Is it permissible to avoid paying electricity bills because the state is charging them too much?
Is it permissible for a Muslim state in the modern age to charge its citizens too much in electricity bills and water bills in order to make them use less energy?
Doesn’t lighting the public roadways and streets go against the hadeeth of the Prophet , “Extinguish your lamps”?
There is a hadeeth from the Prophet (peace and blessings of Allaah be upon him) which says, “The Muslim should not deprive his Muslim brother of three things: water, pasture and fire.”
So is it not permissible for us to use tricks to avoid paying these excessive bills? If that is not permissible, then how can we change our way of life when a man’s family, relatives and neighbours do not help him in that regard?.
Praise be to Allaah.
Governments and officials should be kind towards their citizens and not impose unbearable burdens on them. It is not permissible for the state to monopolize basic essential goods and services which people cannot do without, then sell them to them for inflated prices.
Governments should realize that they are not investment companies, whose main concern is making a profit from their citizens. Rather their main role is to serve their citizens, make things easier for them, and be kind towards them. The Prophet (peace and blessings of Allaah be upon him) prayed: “O Allaah, whoever is put in charge of any of the affairs of my ummah and treats them harshly, treat him harshly, and whoever is put in charge of any of the affairs of my ummah and treats them kindly, treat him kindly.” Narrated by Muslim, 1828.
These officials should realize that tomorrow they will be standing before Allaah and accounting for their deeds, being rewarded or punished for them.
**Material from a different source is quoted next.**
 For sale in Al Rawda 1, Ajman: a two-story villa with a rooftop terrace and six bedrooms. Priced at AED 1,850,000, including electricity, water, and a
Each ruler, official and minister will be asked about all of those who were under their authority: “Each of you is a shepherd and each of you is responsible for his flock…”
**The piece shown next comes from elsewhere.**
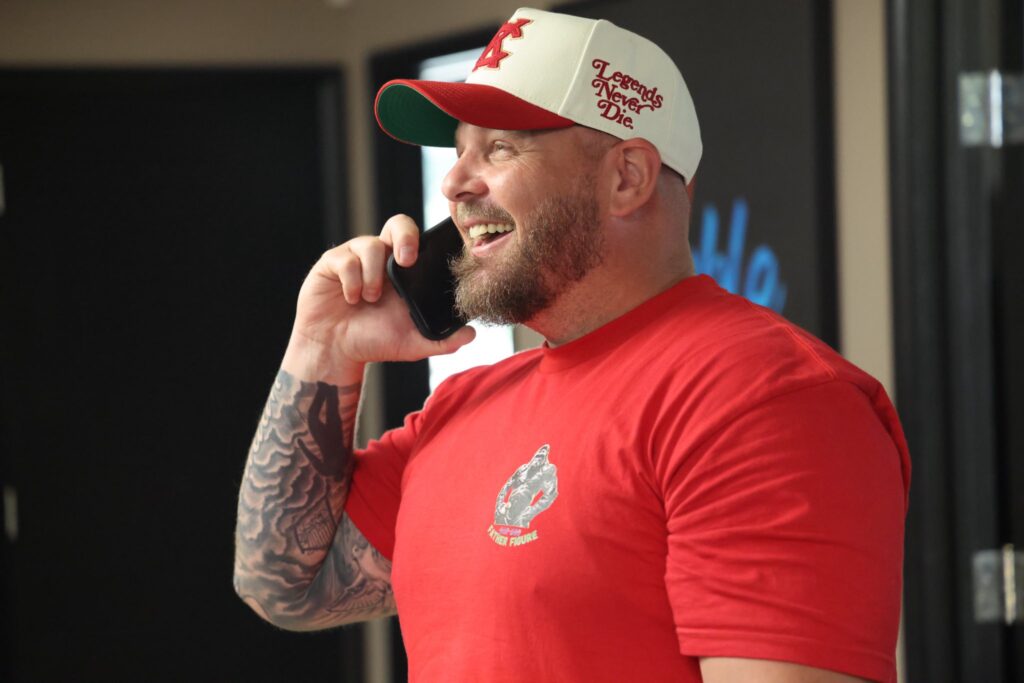 Jon Gear speaking with a client by phone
May Allaah be pleased with ‘Umar, for he used to say: “If a mule stumbles in Iraq (which was on the edge of the Islamic state at that time), Allaah will ask me on the Day of Resurrection, ‘Why did you not maintain the road for it, O ‘Umar?’”
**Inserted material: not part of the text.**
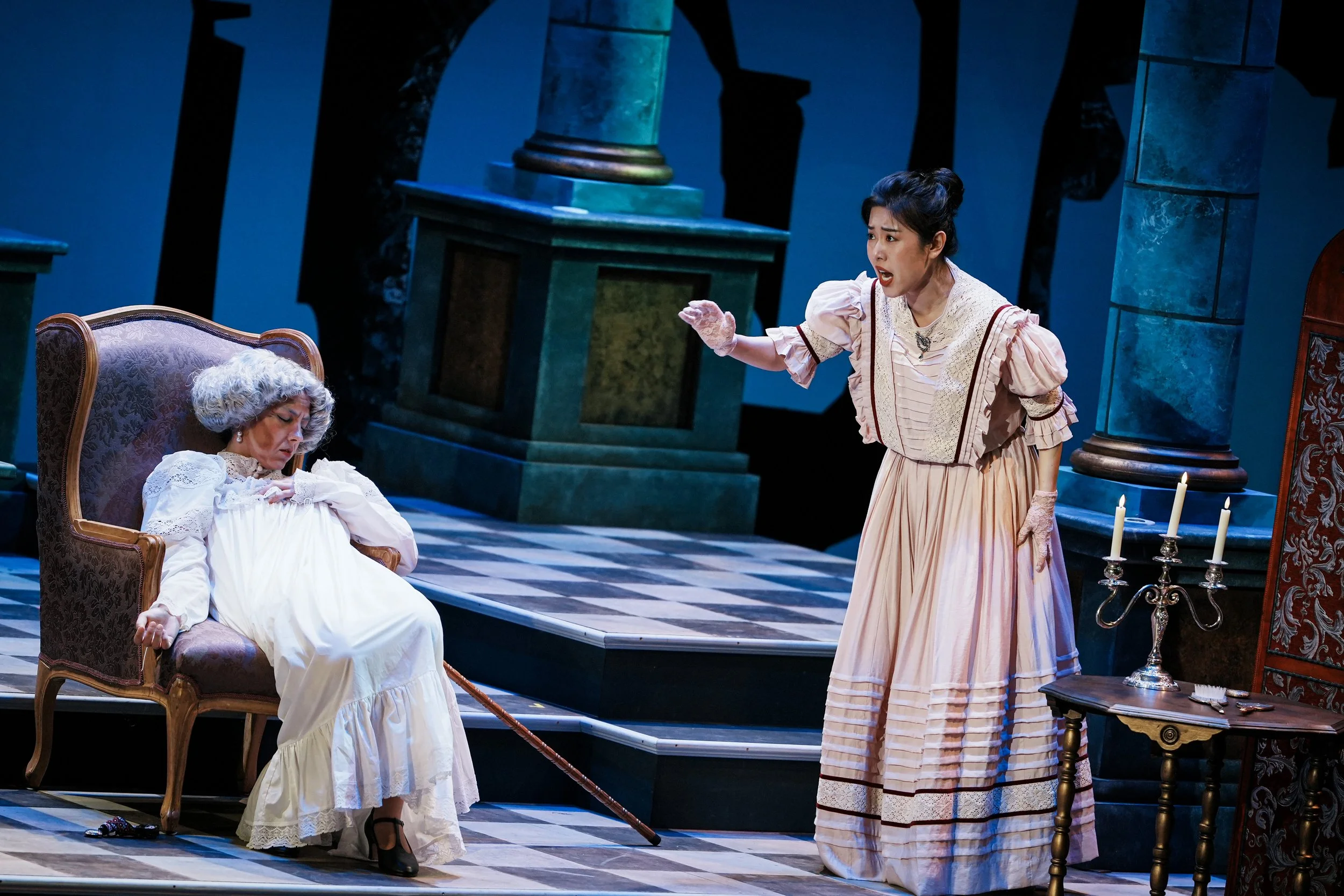 Two women dressed in period costumes are on a stage. One woman with gray hair is sitting in a chair with a cane, appearing upset or drowsy. The other woman, standing, is gesturing and appears to be speaking passionately. The stage has a checkered flo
The questioning on the Day of Resurrection will be to such an extent, even about animals – so how about the thousands and millions of people who are subjected to oppression and wrongful treatment?
Nations become strong when justice prevails, and nations decline because of injustice.
Hence it was said that Allaah supports just nations even if they are kaafirs, and He does not support unjust nations even if they are Muslims. The Prophet (peace and blessings of Allaah be upon him) said: “No sin brings a swifter punishment than injustice and severing the ties of kinship.” The unjust person will be punished in this world even if he is forgiven and granted mercy in the Hereafter. That is because justice is the foundation of all things. If a thing is based on justice it will endure, even if its founder has no share in the Hereafter. If it is not based on justice then it will not endure, even if its founder has faith for which he will be rewarded in the Hereafter.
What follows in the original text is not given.